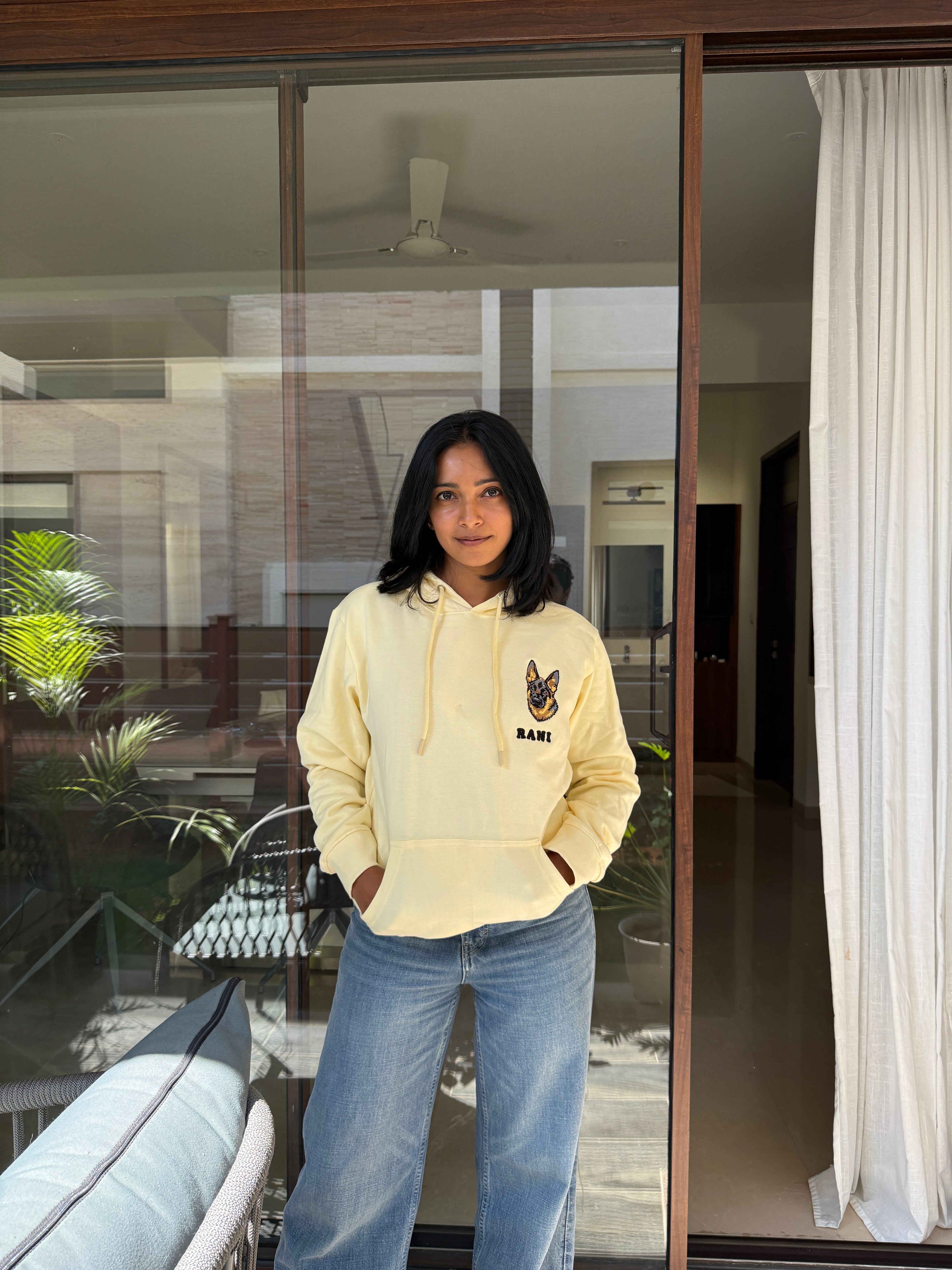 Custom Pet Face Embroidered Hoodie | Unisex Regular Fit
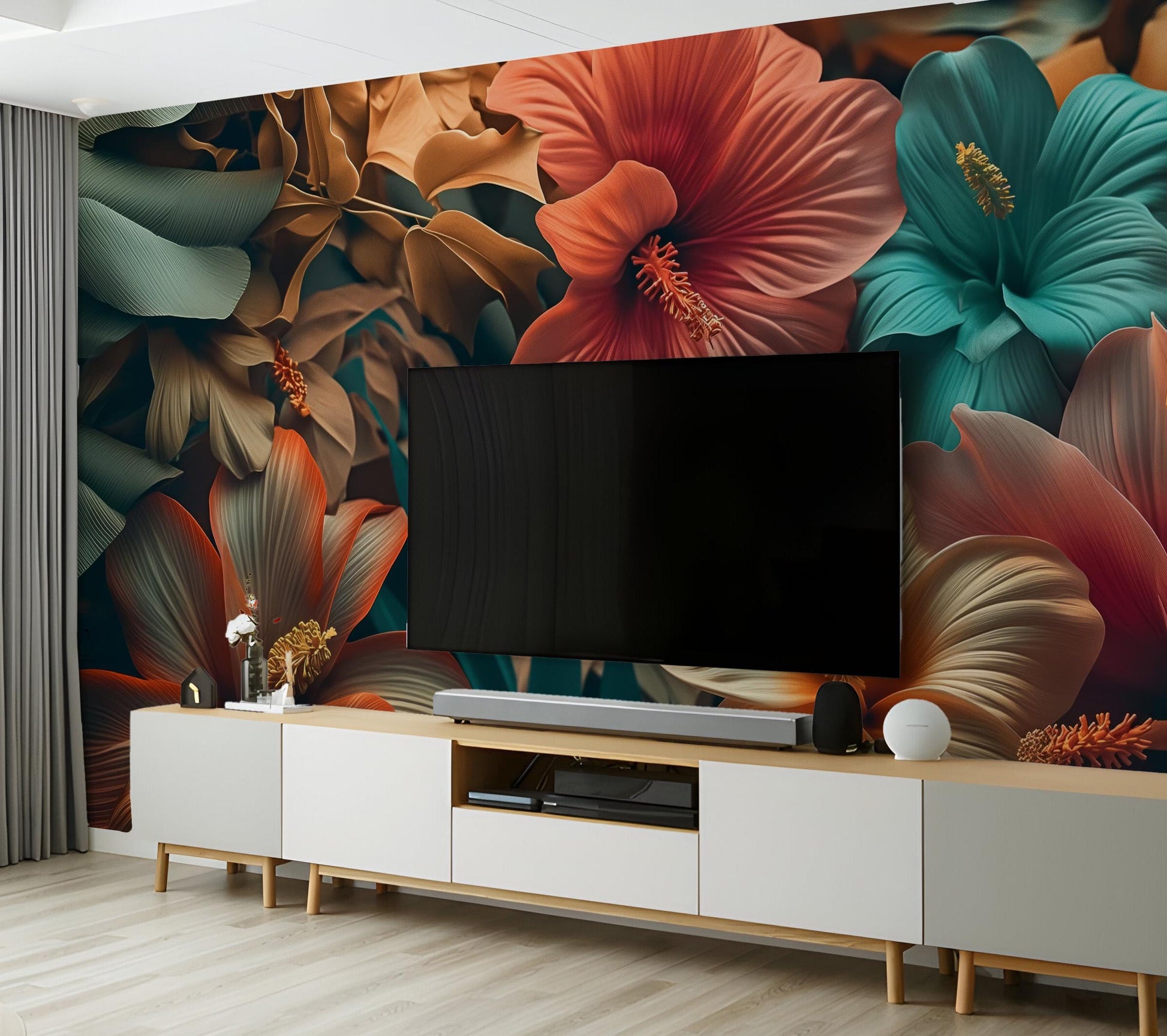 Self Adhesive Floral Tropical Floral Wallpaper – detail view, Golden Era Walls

- - - - - - -

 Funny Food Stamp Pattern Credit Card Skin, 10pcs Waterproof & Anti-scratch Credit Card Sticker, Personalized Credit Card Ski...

- - - - - - -

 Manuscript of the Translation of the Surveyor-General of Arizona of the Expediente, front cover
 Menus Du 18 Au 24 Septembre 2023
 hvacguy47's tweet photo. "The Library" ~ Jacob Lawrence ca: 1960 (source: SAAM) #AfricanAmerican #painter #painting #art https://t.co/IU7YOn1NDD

- - - - - - -

**The problem**
Beginning at the line above that contains "Custom Pet Face" and going on through the line that contains "Self Adhesive Floral", please copy every line exactly, leaving the pictures out and adding nothing.

**Result**
 Custom Pet Face Embroidered Hoodie | Unisex Regular Fit
 Self Adhesive Floral Tropical Floral Wallpaper – detail view, Golden Era Walls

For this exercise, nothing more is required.